Here's how I did it in Python:
import urllib2
auth_handler = urllib2.HTTPBasicAuthHandler()
auth_handler.add_password("Realm here", "host", "username", "password")
opener = urllib2.build_opener(auth_handler)
handle = opener.open("URL you want to download")
file = handle.read()
This is very similar to the authentication example using urllib2
given in the Python Library Reference.
Here's
code in PHP that seems to do this.
Here's a description of how urllib2 works. This is taken out of the urllib2.
_doc_ variable:
urllib2
An extensible library for opening URLs using a variety of protocols.
The simplest way to use this module is to call the urlopen function, which accepts a string containing a URL or a Request object (described below). It opens the URL and returns the results as file-like object; the returned object has some extra methods described below.
The OpenerDirector manages a collection of Handler objects that do all the actual work. Each Handler implements a particular protocol or option. The OpenerDirector is a composite object that invokes the Handlers needed to open the requested URL. For example, the HTTPHandler performs HTTP GET and POST requests and deals with non-error returns. The HTTPRedirectHandler automatically deals with HTTP 301, 302, 303 and 307 redirect errors, and the HTTPDigestAuthHandler deals with digest authentication.
urlopen(url, data=None) -- basic usage is that same as original urllib. pass the url and optionally data to post to an HTTP URL, and get a file-like object back. One difference is that you can also pass a Request instance instead of URL. Raises a URLError (subclass of IOError); for HTTP errors, raises an HTTPError, which can also be treated as a valid response.
build_opener -- function that creates a new OpenerDirector instance. will install the default handlers. accepts one or more Handlers as arguments, either instances or Handler classes that it will instantiate. if one of the argument is a subclass of the default handler, the argument will be installed instead of the default.
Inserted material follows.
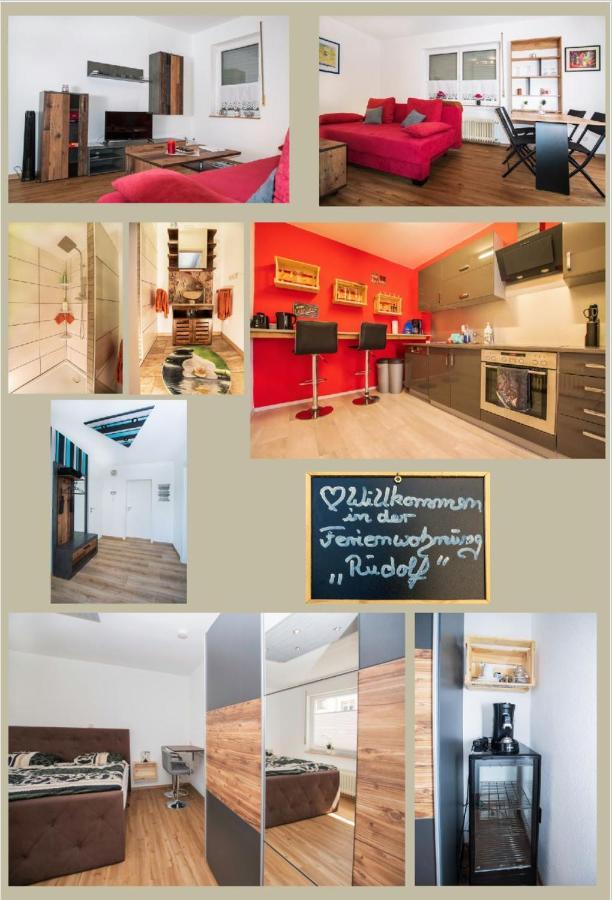 Enscher Stuebchen Ferienwohnung Rudolf Εξωτερικό φωτογραφία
install_opener -- installs a new opener as the default opener.
objects of interest:
OpenerDirector --
Request -- an object that encapsulates the state of a request. the state can be a simple as the URL. it can also include extra HTTP headers, e.g. a User-Agent.
BaseHandler --
exceptions:
URLError-- a subclass of IOError, individual protocols have their own specific subclass
HTTPError-- also a valid HTTP response, so you can treat an HTTP error as an exceptional event or valid response
internals:
BaseHandler and parent
_call_chain conventions
Example usage:
import urllib2
# set up authentication info
authinfo = urllib2.HTTPBasicAuthHandler()
authinfo.add_password('realm', 'host', 'username', 'password')
proxy_support = urllib2.ProxyHandler({"http" : "http://ahad-haam:3128"})
# build a new opener that adds authentication and caching FTP handlers
opener = urllib2.build_opener(proxy_support, authinfo, urllib2.CacheFTPHandler)
# install it
urllib2.install_opener(opener)
f = urllib2.urlopen('http://www.python.org/')